Der zweite Grund hat mit dem Schmerz zu tun, den andauernde Frustration verursacht. Es ist eine Qual, Leute dabei zu beobachten, wie sie sich mit unserer Anwendung herumplagen. Noch schmerzhafter ist die Tortur, wenn wir ein paar Wochen später wiederkommen und sehen, dass sie schon wieder mit denselben Problemen kämpfen. Je häufiger wir diesem Leid ausgesetzt sind, desto frustrierter werden wir und umso dringlicher wollen wir diese Probleme beseitigen (und umso glücklicher sind wir, wenn wir schließlich sehen, dass jemand unser neues Release als Kinderspiel empfindet).

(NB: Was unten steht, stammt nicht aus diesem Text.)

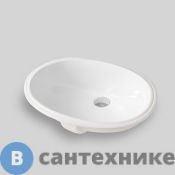 Раковина Artceram WASHBASINS DIANA встраиваемая снизу 57х40 см, без отв под смеситель, без крепежа, белый (DIL001 01 00)
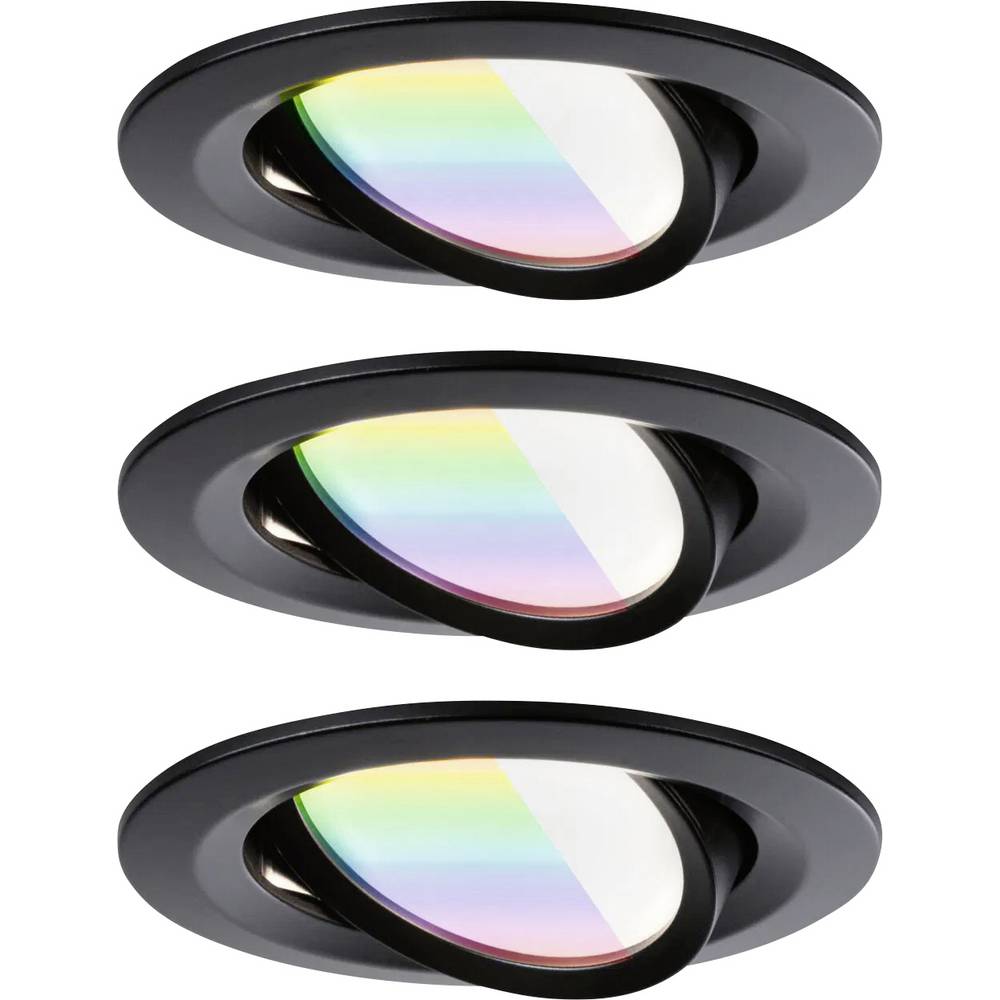Paulmann 92437 LED-plafondlamp, LED-inbouwlamp 6 W Zwart (mat)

Einige Probleme sind besonders knorrig. Wenn wir „im Feld“ oder im Labor feststellen, dass diese Probleme immer wieder auftreten, erhalten wir Einblicke in die Nuancen, die über die potentiellen Ursachen hinausgehen. Das Ausprobieren neuer, alternativer Umsetzungsideen kann uns helfen, schneller zu Lösungen zu kommen. Regelmäßige User-Forschung unterstützt die Lösungsfindung in jedem Fall.

Mit diesem sechswöchigen Zeitfenster machen wir uns diese beiden Faktoren zunutze, so werden unsere Anwender und ihre Bedürfnisse zum Antrieb für unsere tägliche Arbeit.

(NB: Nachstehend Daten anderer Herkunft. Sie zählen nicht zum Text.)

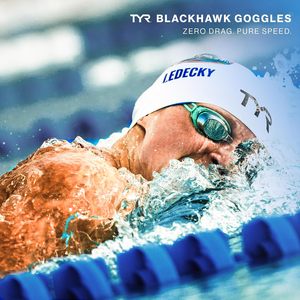 Gafas de Natación <span class=keywords><strong>TYR</strong></span> Blackhawk Racing - Gafas de Natación para Adultos, Hombres y Mujeres - Antivaho, Protección UVA/UVB, Herméticas, Hechas en China - Product Image 2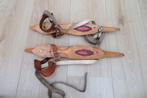 Paar oude houten Paspoort schaatsen houtjes doorlopers mt 26, Sport en Fitness, Schaatsen, Overige merken, Gebruikt, Friese doorlopers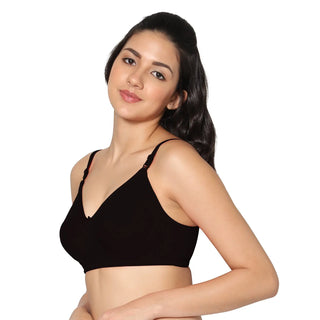 Slider Non-Padded Full Coverage T-Shirt Bra (Pack of 2) - Incare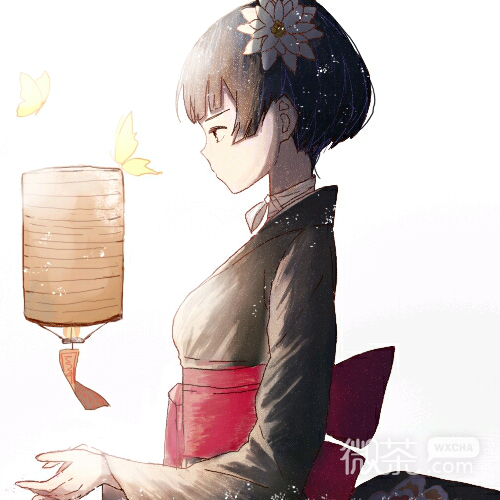 微系简洁漂亮二次元女生头像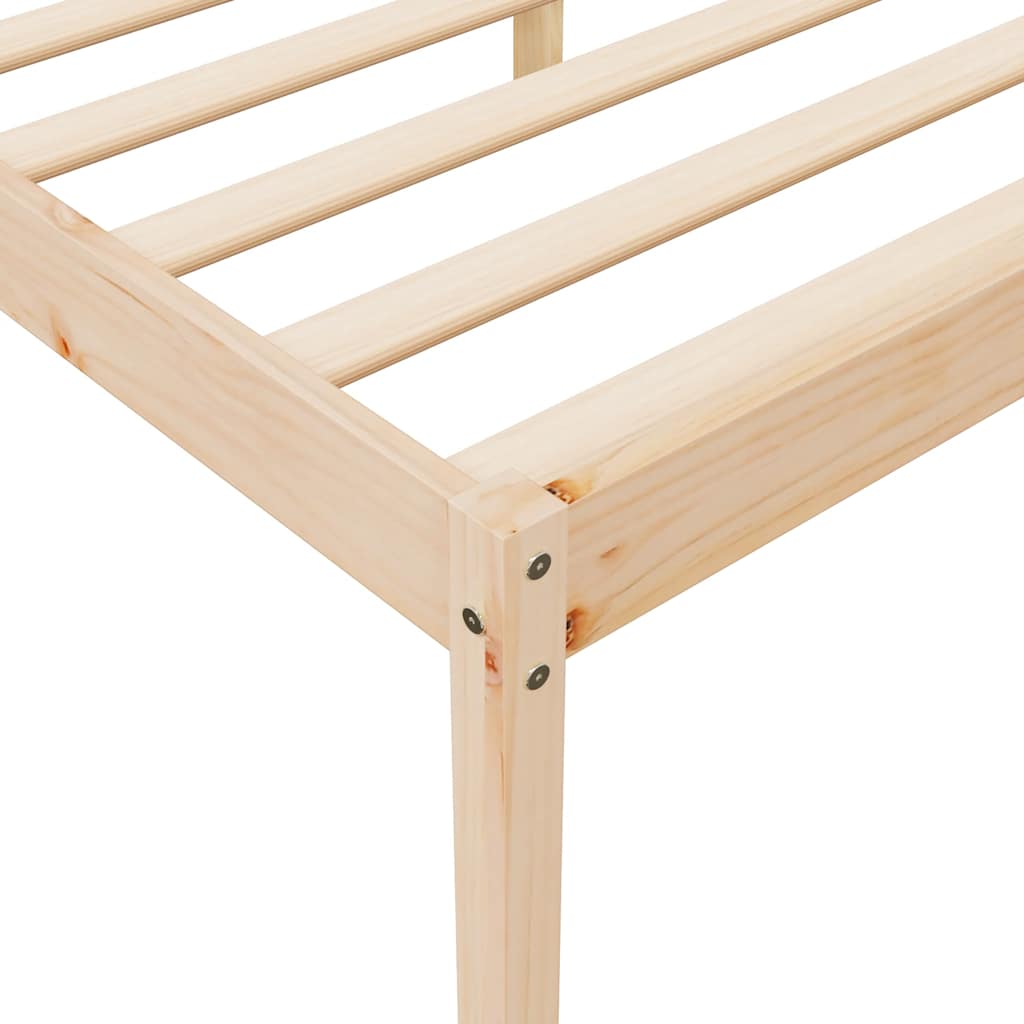 seniorseng 135x190 cm dobbeltseng massivt fyrretræ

Möglichkeiten der Anwender-Exposition

Neben Feldstudien gibt es natürlich noch andere funktionierende Methoden. User-Tests, ob klassisch oder als Remote-Tests angelegt, sind sehr effektiv. (Unserer Erfahrung nach bringt ein Mix aus „klassisch“ und „remote“ im Vergleich zur reinen Remote-Test-Strategie allerdings bessere Ergebnisse.) Sobald wir die Aufgaben kennen, die User mit unserer Anwendung normalerweise erledigen – viele dieser Use-Cases entdecken wir bei unseren Feldstudien –, ist es leicht, ein realistisches Szenario für einen User-Test zu entwerfen.

Auch Leute, die sich intensiv mit Self Design beschäftigen und ihre Entwicklung selbst jeden Tag nutzen (siehe Manchmal entwickelt man Software doch für sich selbst), können wichtige Erkenntnisse liefern. Der Abgleich dieser Resultate mit den durch andere Methoden gewonnenen Ergebnissen hilft uns zu verstehen, welche unerwünschten Erfahrungen die User machen, wenn sie mit unserer Anwendung interagieren.

Übrigens sollte man nicht darauf verzichten, Nutzer auch bei der Arbeit mit Produkten der Konkurrenz zu beobachten. Sehen wir, wie die Teilnehmer die gleichen Aufgaben mit einer anderen Anwendung erledigen, erkennen wir nicht nur Lücken in unserer eigenen Software, sondern finden auch heraus, wo wir im Vorteil sind.

Das Team der Beeinflusser

Bei unseren Untersuchungen kam noch ein anderes, überraschende Ergebnis heraus: Teams, die Mitarbeiter ausschließen, die nicht unmittelbar mit Usability, Design und Umsetzung zu tun haben, erzielen weniger gute Ergebnisse als Teams, bei denen alle Personen in die Nutzerforschung integriert sind.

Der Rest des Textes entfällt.